There is heavy machinery in my father’s warehouse. The sounds careened under his office door, but still I could hear his sigh.

Three days after Ed was taken hog-tied from the library, tearing a screech through the world, after I have reread his copies of
Winnie-the-Pooh, Stuart Little
and
Alice in Wonderland,
I decide to turn the ringer on my phone back on. There are messages from the library, from a police therapist, two from my father and one from my mother expressing my father’s concern. I hear the
beep
of an incoming call as I listen. It could be
anyone and I don’t wish to talk to just anyone. I hang up.

The ringing starts again. The number on call display is unfamiliar but it occurs to me I’d rather talk to a stranger than anyone I know.
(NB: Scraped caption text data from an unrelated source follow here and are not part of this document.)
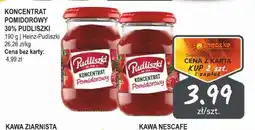 Słoneczko Koncentrat pomidorowy Pudliszki oferta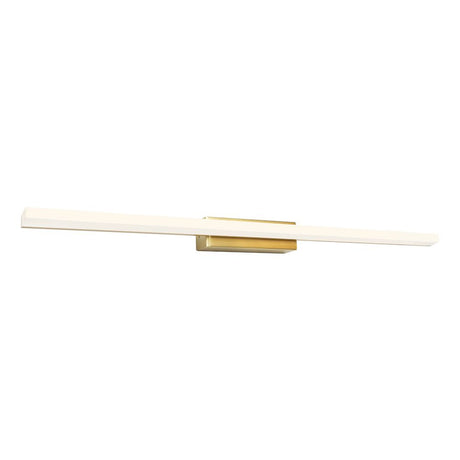 Sirius 16W LED Dimmable Vanity Light 660mm Brass / Cool White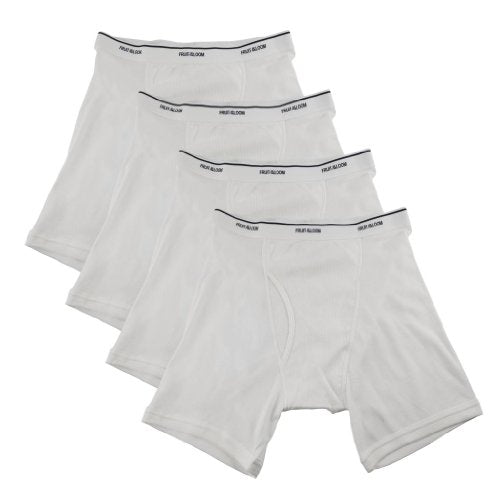 Men's Big Boxer Brief (Pack of 4) D99453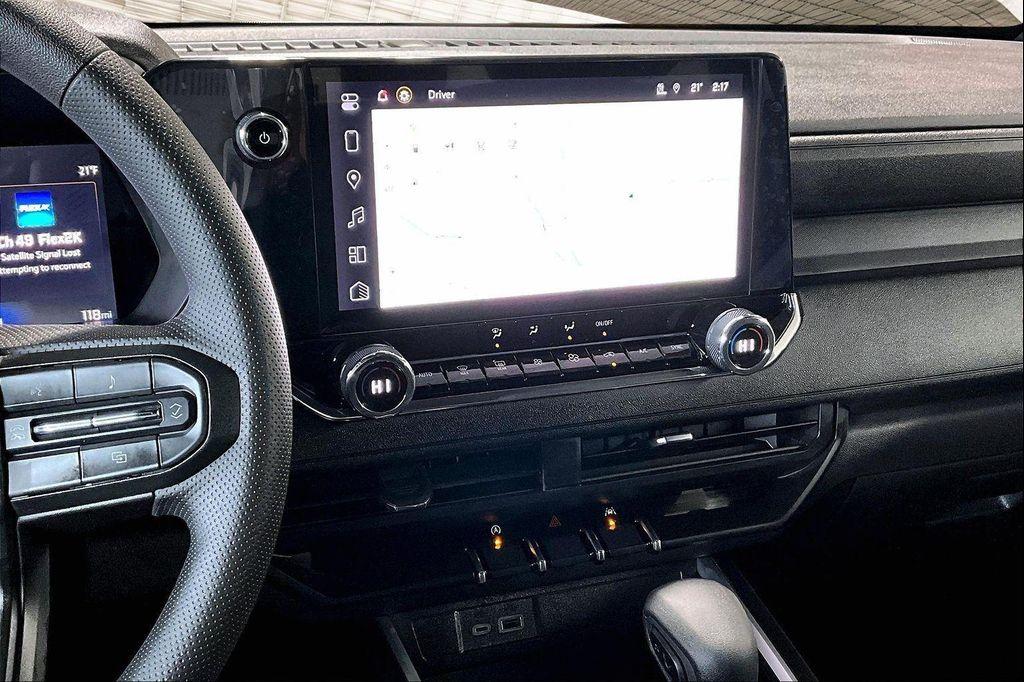 new 2025 Chevrolet Colorado car, priced at $37,836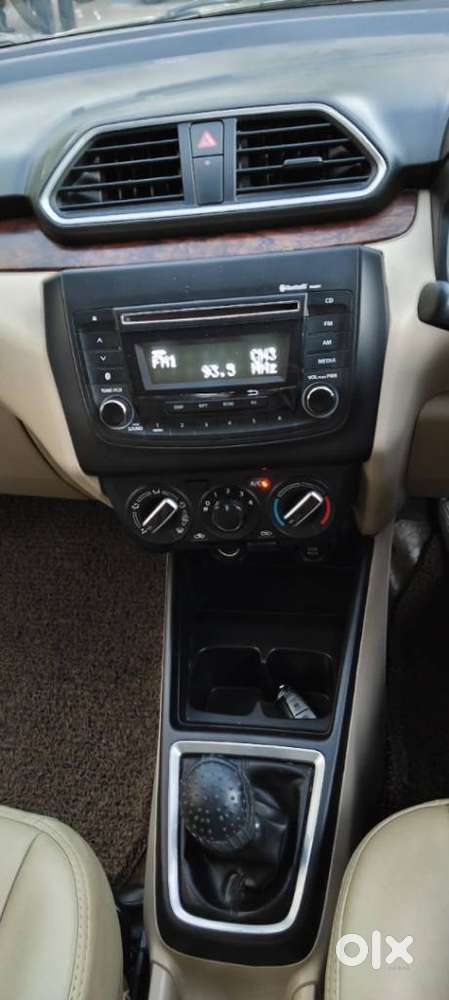 Maruti Suzuki Dzire 1.2 Vxi, 2017, Petrol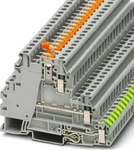 Phoenix Contact 3214364, Phoenix Contact 3214364 Dreistock-Schutzleiterklemme...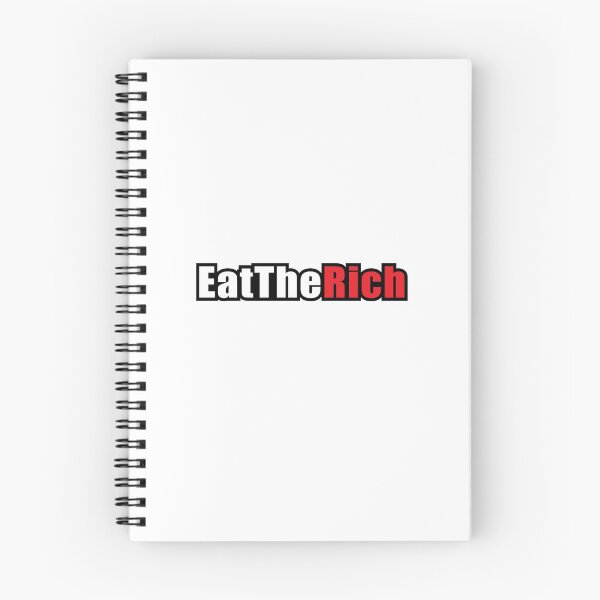 Item preview, Eat The Rich designed and sold by bellamuert3.
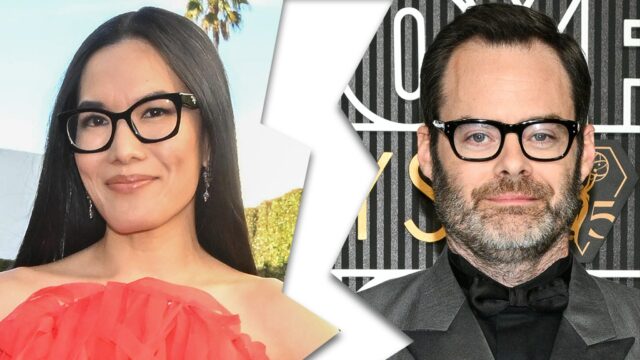 Bill Hader e Ali Wong se separam após mais de Ali Wong e Bill Hader Getty 1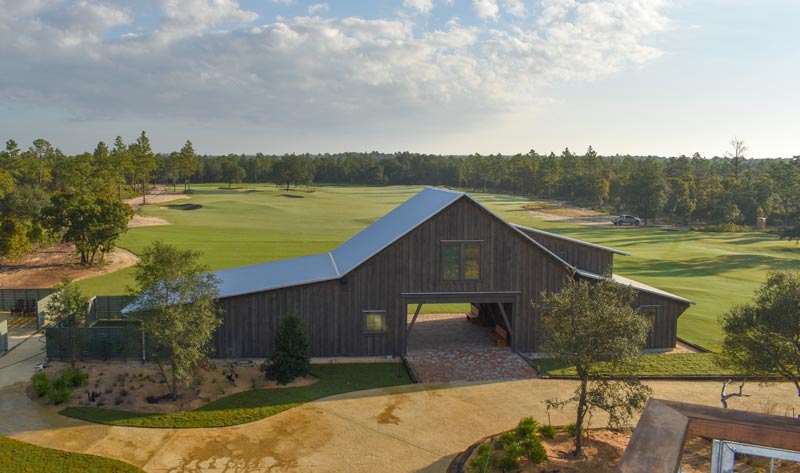 Ohoopee Match Club: Out of the dunes Ohoopee pro shop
It’s Officer Mike, the voice says. Officer Mike is the policeman who tackled instead of shooting Ed. Ed had gotten hold of his knife and stabbed Officer Mike. Just in the arm. I don’t believe he did it on purpose. Ed is afraid of blood. It makes him feel sick and scared.

I ask Officer Mike how his arm is. It’s fine, he says, just a flesh wound. In a serious tone he tells me that Ed is undergoing psychiatric evaluation, but that I can rest assured he will remain in custody.

This does not make me feel safe. It makes me feel as though I’ve just seen blood. Nobody needs to be afraid of Ed. “Okay.”

“You know, they have counsellors to help you through the aftermath of situations like these. Department therapists.”

“I’m fine.”

“You don’t sound fine.”

“How do I sound?”

“Tiny. Fragile. Do you have food there? Do you have anyone to help you?”

I’m quiet a moment. It comes to me that I have not eaten today. And maybe not the day before either. I can’t remember. Maybe this is shock. Or mourning. Or maybe, just as violence begets violence, once a person forgets two or three meals, the brain becomes less likely to pick up hunger signals; forgetting two or
three meals could lead to weeks of starvation.